Windows as a platform also has its hardcore fans, albeit diminished after Microsoft's very off-handed, anti-community handling of the death of Windows 10 Mobile. The way Microsoft let Windows 10 Mobile slide into obscurity while ignoring fan questions and feedback on the topic for years has created a bitterness that I think Redmond will carry with it to the announcement of Andromeda. And sure, while the core fanbase of Windows is very small, it needn't be.
Where's the fire, Microsoft?
Xbox has shown that it can galvanize, celebrate, and delight its fans with its E3 2018 showcase. Giving us a glimpse at a roadmap that extends years, not months, while impressing the huge amount of investment Microsoft is putting into the division to rectify key feedback points. Xbox's social presence is huge, with many execs frequently talking to fans directly on Twitter, being frank and honest, addressing questions directly.

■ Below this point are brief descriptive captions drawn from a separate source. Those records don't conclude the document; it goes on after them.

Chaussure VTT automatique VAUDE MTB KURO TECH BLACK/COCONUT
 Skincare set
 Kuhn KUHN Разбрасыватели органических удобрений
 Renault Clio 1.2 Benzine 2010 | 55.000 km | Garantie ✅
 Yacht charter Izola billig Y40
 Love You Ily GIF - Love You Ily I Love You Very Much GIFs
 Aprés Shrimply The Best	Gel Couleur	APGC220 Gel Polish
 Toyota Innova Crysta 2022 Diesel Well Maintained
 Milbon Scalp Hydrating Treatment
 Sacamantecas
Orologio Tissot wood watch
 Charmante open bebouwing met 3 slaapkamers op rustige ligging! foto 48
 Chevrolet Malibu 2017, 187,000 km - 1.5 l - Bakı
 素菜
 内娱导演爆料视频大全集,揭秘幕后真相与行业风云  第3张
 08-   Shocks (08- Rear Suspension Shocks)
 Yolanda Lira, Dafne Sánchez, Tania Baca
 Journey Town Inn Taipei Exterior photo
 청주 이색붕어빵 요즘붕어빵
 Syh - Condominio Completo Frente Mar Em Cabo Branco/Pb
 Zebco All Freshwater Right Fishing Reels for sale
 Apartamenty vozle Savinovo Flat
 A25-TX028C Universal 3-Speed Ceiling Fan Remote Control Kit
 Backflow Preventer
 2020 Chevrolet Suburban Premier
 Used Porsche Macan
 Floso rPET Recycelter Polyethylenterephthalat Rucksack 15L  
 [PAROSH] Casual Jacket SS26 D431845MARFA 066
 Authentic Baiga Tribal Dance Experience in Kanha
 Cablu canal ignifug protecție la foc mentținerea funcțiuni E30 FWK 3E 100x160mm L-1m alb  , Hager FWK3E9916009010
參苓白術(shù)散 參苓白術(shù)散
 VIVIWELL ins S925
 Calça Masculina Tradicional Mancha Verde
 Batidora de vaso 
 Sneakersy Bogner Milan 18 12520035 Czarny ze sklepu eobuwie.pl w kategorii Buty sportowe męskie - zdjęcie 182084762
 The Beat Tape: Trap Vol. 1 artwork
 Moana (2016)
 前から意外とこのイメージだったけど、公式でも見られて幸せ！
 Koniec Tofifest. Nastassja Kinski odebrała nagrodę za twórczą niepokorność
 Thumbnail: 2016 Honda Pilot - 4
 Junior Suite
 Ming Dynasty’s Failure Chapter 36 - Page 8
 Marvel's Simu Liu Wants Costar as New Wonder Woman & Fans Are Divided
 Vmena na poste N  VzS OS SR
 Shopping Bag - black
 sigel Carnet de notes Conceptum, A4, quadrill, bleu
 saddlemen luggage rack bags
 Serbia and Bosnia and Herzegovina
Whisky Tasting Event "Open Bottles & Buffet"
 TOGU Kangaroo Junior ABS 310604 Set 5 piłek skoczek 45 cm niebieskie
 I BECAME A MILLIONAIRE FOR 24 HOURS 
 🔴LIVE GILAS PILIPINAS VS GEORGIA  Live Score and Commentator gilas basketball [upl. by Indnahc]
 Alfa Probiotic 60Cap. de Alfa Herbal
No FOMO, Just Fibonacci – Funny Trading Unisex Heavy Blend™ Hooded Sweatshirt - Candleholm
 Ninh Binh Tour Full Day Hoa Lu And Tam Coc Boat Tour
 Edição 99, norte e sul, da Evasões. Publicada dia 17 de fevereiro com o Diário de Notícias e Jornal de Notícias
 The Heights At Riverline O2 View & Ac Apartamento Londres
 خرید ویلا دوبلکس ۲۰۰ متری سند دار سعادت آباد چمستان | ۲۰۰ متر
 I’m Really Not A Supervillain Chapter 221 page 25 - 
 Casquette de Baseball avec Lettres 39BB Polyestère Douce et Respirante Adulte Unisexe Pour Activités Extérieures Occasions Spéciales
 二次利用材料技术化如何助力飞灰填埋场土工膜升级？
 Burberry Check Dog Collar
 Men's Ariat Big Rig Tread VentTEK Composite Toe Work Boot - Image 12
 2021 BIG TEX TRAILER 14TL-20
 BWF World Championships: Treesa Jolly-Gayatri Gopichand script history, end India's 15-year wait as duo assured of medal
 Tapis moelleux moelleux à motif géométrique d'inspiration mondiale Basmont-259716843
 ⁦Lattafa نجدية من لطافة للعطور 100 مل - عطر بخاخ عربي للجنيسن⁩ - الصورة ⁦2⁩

Meanwhile, Surface and Windows' social presence feels limited and stand-offish by comparison. There are no annual shows for Surface or Windows that are consumer-centric, and Microsoft has this tendency to aggressively hide its roadmap for Windows, emitting virtual radio silence while apps and services are neglected, often on the road to outright cancelation.
As a fan of the Microsoft ecosystem, I wish I could have the same confidence about Windows, the Microsoft Store, Skype, Surface, and various other products that I do for Xbox. I love Windows 10, and I love my Surface Book 2, but the gulf in communication between Xbox and those other divisions is massive. Maybe the audience just isn't there, but I suspect the audience isn't there because Microsoft doesn't want to try and find it.